Consultation-liaison teams can bring the principles of youth mental health to psychiatric practice in medical clinics for young people. Programs are adapted to youth culture, including the informality and flexible styles of communication. Community follow-up is needed for young people who are struggling with emotional independence while navigating changes in the social network of family, friends, education and the workplace (Bastiampillai et al., 2012). This is easier to deliver in youth-friendly environments such as regional headspaces. In practical terms, follow-up programs need to recruit and retain headspace providers who have skills in working with the psychiatric co- morbidities of complex medical conditions. These integrated programs can utilise information technology, including short text messaging (Furber et al., 2011) and innovative applications for chronic disease self-management (e.g. Cafazzo et al., 2012). Interventions can be illness specific and hypothesis driven with evaluation under research conditions.
Conclusion
Through an intriguing parallel process, medicine and psychiatry have each established youth models of care. Despite the similarities, there is limited interchange between these models and the emergence of youth medical clinics is rarely cited in the current debates around youth psychiatry. The evolution of both systems of care was developmentally informed and designed to better adapt health services to the needs of young people (rather than the reverse).
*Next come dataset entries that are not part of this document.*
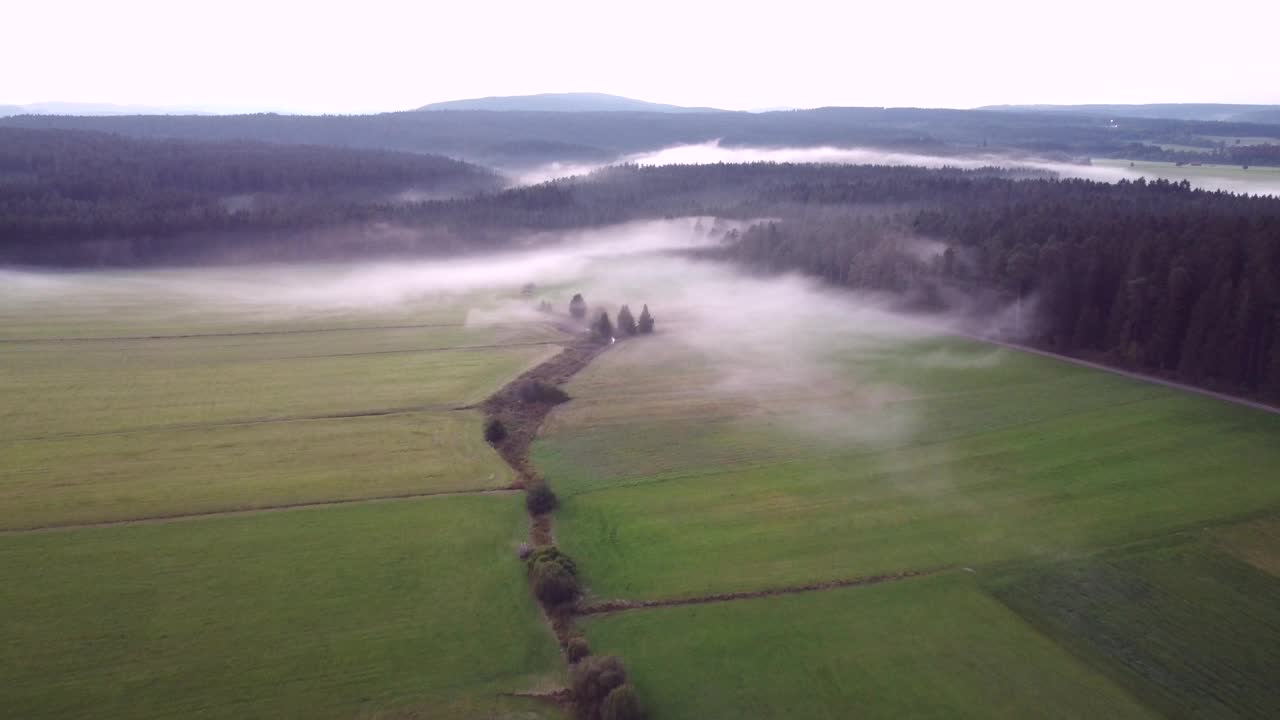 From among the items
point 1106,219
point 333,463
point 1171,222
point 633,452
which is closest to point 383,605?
point 333,463

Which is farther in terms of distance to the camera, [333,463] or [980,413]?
[980,413]

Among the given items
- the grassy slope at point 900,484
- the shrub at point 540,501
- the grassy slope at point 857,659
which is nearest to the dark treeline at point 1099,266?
the grassy slope at point 900,484

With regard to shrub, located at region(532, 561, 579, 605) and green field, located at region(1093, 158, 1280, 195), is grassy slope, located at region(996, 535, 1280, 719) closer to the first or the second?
shrub, located at region(532, 561, 579, 605)

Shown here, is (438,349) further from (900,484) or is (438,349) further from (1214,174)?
(1214,174)

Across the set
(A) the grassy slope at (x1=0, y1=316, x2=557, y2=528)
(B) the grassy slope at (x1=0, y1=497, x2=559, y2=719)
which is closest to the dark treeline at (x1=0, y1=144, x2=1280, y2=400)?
(A) the grassy slope at (x1=0, y1=316, x2=557, y2=528)

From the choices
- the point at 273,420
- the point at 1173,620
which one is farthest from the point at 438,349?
the point at 1173,620

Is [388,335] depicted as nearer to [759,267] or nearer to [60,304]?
[60,304]

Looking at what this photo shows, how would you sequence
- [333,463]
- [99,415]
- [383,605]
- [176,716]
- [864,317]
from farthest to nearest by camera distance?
[864,317], [99,415], [333,463], [383,605], [176,716] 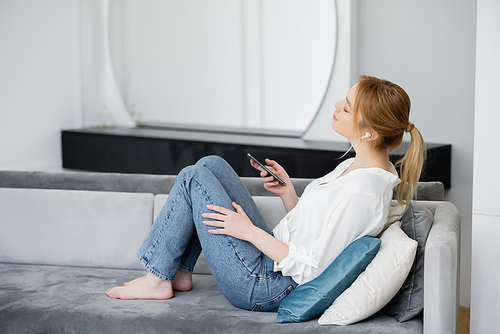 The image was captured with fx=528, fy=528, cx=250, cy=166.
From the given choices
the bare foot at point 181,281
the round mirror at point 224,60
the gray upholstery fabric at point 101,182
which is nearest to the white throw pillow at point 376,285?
the bare foot at point 181,281

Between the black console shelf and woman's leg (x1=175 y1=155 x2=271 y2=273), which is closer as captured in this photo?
woman's leg (x1=175 y1=155 x2=271 y2=273)

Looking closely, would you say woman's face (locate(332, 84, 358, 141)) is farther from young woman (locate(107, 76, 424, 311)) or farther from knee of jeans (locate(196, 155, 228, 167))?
knee of jeans (locate(196, 155, 228, 167))

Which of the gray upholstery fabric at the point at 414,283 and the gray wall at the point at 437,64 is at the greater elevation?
the gray wall at the point at 437,64

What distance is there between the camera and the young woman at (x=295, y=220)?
1565 mm

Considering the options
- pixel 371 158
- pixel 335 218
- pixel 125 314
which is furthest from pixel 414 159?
pixel 125 314

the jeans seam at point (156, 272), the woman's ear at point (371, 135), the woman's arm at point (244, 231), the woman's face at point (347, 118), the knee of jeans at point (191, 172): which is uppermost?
the woman's face at point (347, 118)

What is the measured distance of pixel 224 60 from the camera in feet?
12.8

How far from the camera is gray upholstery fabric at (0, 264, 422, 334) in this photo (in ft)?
5.19

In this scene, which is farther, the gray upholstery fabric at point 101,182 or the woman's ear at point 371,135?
the gray upholstery fabric at point 101,182

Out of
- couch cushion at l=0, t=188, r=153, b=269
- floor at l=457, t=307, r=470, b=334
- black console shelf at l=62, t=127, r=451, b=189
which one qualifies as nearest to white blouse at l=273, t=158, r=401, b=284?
couch cushion at l=0, t=188, r=153, b=269

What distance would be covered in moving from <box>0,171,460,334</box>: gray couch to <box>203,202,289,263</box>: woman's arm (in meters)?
0.22

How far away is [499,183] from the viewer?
5.54 ft

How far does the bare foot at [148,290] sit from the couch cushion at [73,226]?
1.17 feet

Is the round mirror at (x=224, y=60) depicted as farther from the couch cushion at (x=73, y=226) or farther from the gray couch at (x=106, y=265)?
the couch cushion at (x=73, y=226) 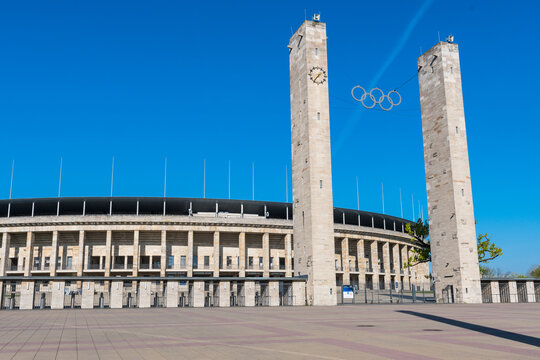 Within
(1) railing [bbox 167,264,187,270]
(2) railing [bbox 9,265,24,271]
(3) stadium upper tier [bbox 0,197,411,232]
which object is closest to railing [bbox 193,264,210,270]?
(1) railing [bbox 167,264,187,270]

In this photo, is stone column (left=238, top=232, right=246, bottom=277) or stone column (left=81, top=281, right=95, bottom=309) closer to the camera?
stone column (left=81, top=281, right=95, bottom=309)

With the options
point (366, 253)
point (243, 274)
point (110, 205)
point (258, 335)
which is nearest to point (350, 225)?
point (366, 253)

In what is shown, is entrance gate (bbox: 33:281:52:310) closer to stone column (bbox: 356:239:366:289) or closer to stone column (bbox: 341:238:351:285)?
stone column (bbox: 341:238:351:285)

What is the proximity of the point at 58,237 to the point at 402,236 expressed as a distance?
62622 millimetres

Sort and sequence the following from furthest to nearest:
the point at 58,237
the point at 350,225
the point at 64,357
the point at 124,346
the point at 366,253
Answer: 1. the point at 366,253
2. the point at 350,225
3. the point at 58,237
4. the point at 124,346
5. the point at 64,357

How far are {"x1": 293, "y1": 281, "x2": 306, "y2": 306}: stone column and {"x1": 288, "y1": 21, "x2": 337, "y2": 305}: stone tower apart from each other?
54 cm

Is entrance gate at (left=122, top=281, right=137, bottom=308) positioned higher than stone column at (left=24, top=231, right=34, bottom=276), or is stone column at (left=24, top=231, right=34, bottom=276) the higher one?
stone column at (left=24, top=231, right=34, bottom=276)

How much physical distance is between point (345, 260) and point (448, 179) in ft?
132

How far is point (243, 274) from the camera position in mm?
77562

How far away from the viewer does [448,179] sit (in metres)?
46.9

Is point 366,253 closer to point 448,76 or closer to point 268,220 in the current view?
point 268,220

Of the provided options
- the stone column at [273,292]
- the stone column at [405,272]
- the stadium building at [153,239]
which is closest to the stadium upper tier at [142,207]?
the stadium building at [153,239]

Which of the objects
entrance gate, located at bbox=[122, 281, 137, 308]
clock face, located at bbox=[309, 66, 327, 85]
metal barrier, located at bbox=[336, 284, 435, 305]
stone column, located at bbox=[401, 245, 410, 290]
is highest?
clock face, located at bbox=[309, 66, 327, 85]

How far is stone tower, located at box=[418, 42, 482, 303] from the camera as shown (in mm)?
45219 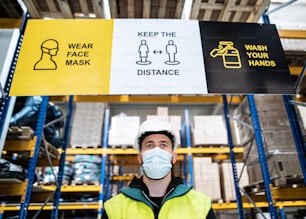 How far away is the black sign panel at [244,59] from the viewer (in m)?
2.72

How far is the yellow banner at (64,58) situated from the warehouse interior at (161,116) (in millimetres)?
496

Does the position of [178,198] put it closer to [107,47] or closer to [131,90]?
[131,90]

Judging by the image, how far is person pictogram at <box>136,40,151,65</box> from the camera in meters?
2.75

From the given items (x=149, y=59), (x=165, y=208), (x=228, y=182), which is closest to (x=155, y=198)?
(x=165, y=208)

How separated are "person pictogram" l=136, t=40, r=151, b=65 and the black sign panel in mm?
723

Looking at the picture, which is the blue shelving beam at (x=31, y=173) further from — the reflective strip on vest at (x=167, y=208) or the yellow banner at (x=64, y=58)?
the reflective strip on vest at (x=167, y=208)

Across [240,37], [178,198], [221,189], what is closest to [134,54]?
[240,37]

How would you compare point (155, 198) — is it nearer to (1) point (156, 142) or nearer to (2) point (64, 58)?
(1) point (156, 142)

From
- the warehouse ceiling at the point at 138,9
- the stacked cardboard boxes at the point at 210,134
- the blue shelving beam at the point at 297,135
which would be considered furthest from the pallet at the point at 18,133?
the stacked cardboard boxes at the point at 210,134

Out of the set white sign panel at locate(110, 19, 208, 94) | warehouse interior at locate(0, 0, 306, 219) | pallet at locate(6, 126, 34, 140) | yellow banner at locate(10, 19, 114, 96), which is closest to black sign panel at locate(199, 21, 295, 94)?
white sign panel at locate(110, 19, 208, 94)

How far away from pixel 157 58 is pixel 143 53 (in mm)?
190

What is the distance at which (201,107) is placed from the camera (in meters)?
14.0

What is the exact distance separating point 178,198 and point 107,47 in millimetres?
1935

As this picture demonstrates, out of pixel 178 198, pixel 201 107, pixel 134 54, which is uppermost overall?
pixel 201 107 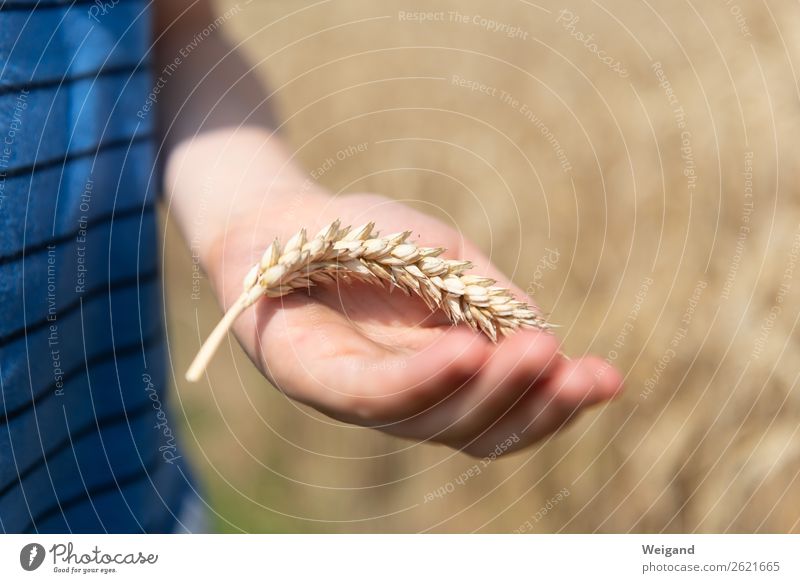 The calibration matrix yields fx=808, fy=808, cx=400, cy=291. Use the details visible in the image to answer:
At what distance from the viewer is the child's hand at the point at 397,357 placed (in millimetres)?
584

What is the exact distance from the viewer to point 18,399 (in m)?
0.69

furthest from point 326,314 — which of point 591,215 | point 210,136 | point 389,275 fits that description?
point 591,215

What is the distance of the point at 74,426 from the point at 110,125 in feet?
0.98

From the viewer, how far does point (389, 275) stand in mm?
659

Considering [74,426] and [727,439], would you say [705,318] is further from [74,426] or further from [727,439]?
[74,426]

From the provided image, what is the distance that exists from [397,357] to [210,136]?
1.14 ft

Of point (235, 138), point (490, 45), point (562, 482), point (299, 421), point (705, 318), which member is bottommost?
point (562, 482)

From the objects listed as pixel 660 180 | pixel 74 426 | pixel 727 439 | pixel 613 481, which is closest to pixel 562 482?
pixel 613 481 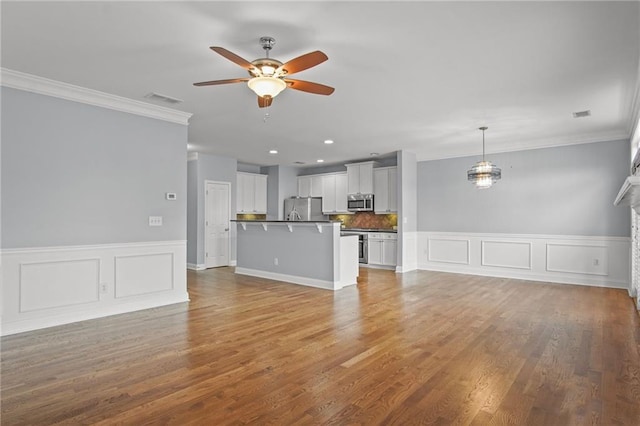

Both systems founded youth-friendly services that could improve access, continuity of care and heath outcomes. Youth consultation-liaison psychiatry is located at the overlap between these two different youth models of care. To build capacity and have the best chance of success, youth consultation-liaison psychiatry needs to link youth medical clinics with the emerging infrastructure for youth psychiatry, especially regional headspaces. Youth consultation-liaison psychiatry’s contribution to the design, implementation and evaluation of these clinical pathways should be included within the regional planning for youth mental health.
Footnotes
Funding
This research received no specific grant from any funding agency in the public, commercial, or not-for-profit sectors.
Declaration of interest
The authors report no conflicts of interest. The authors alone are responsible for the content and writing of the paper.